Return every line from the one with "Touhou, Saigyouji Yuyuko Wallpaper" through the one with "Pretty Love - Cobra", inclusive, exactly as it appears below.

Top of GIVEN DATA

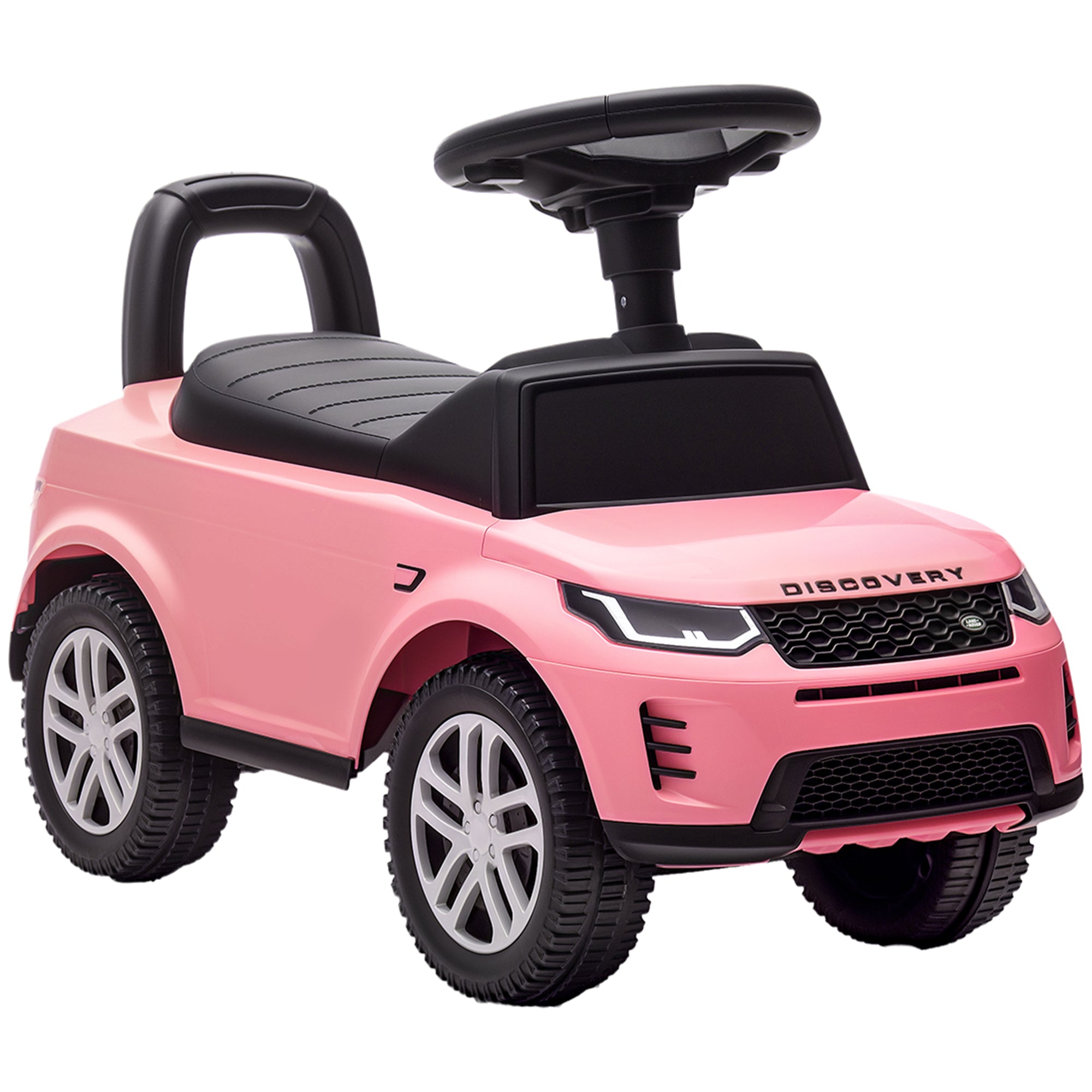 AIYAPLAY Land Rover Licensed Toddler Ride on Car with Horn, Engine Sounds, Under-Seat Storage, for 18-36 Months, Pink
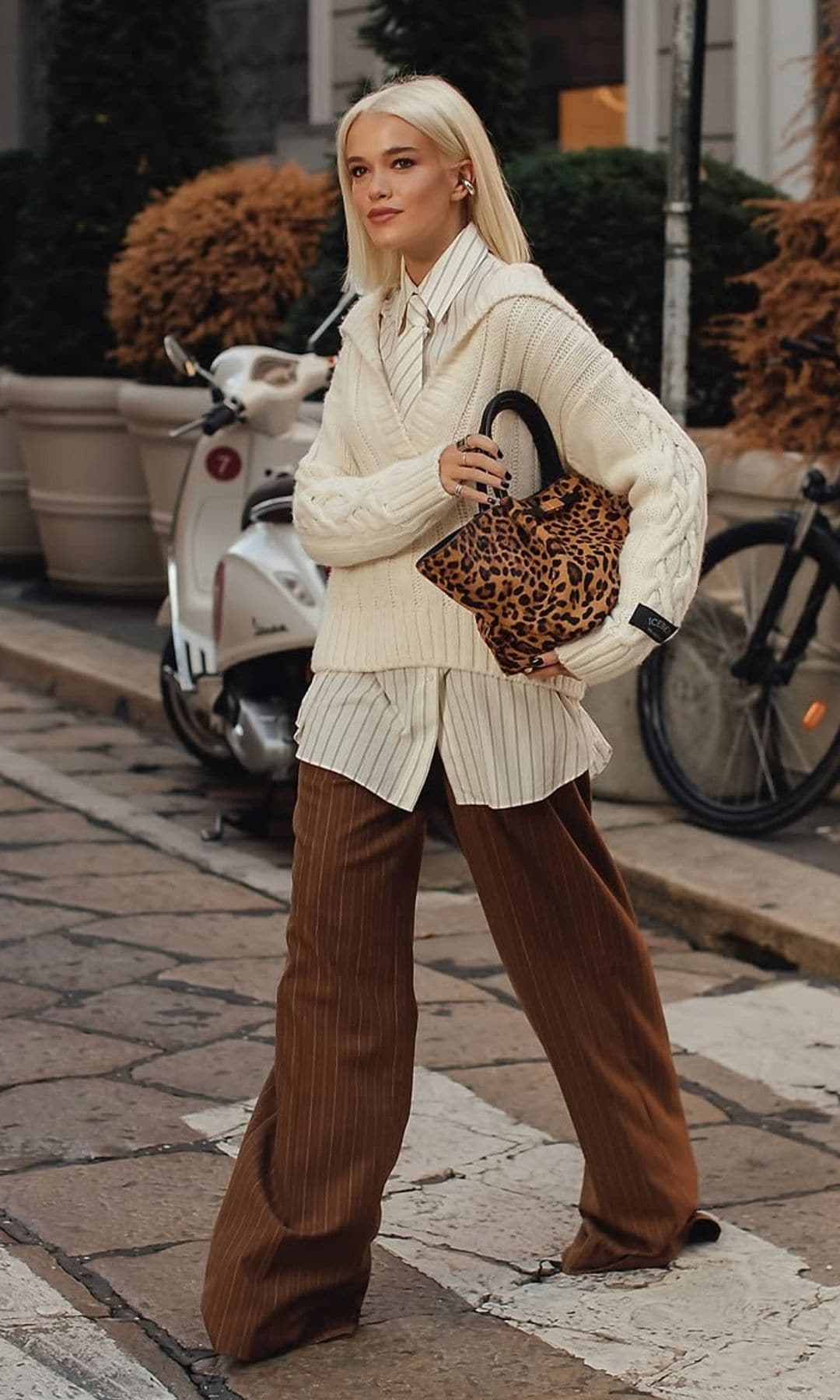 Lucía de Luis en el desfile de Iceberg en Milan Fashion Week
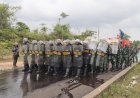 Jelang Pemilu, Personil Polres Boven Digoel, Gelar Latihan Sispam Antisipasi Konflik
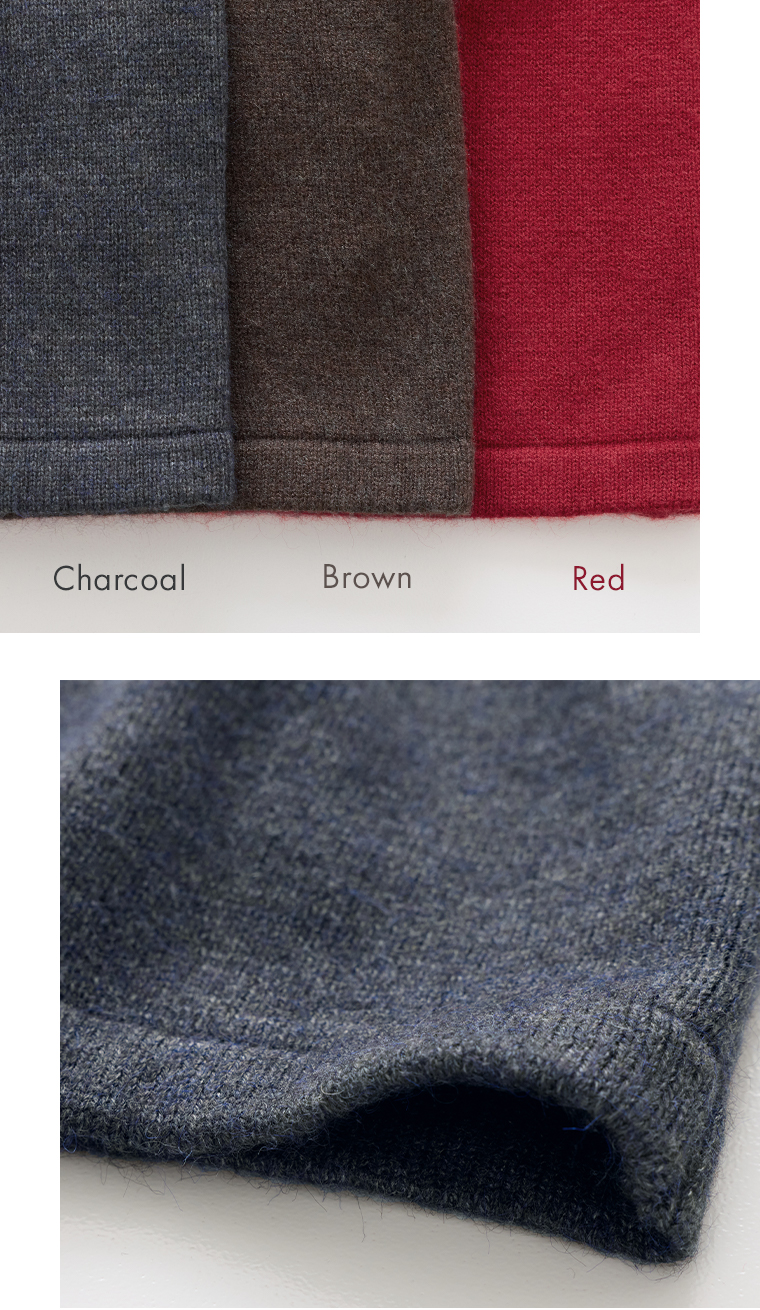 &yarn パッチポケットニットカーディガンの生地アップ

Bottom of GIVEN DATA
Top of GIVEN DATA

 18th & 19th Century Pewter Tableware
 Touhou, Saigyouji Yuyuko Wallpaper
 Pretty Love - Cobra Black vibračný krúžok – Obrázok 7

Bottom of GIVEN DATA

RESPONSE TO THE EXERCISE:
 Touhou, Saigyouji Yuyuko Wallpaper
 Pretty Love - Cobra Black vibračný krúžok – Obrázok 7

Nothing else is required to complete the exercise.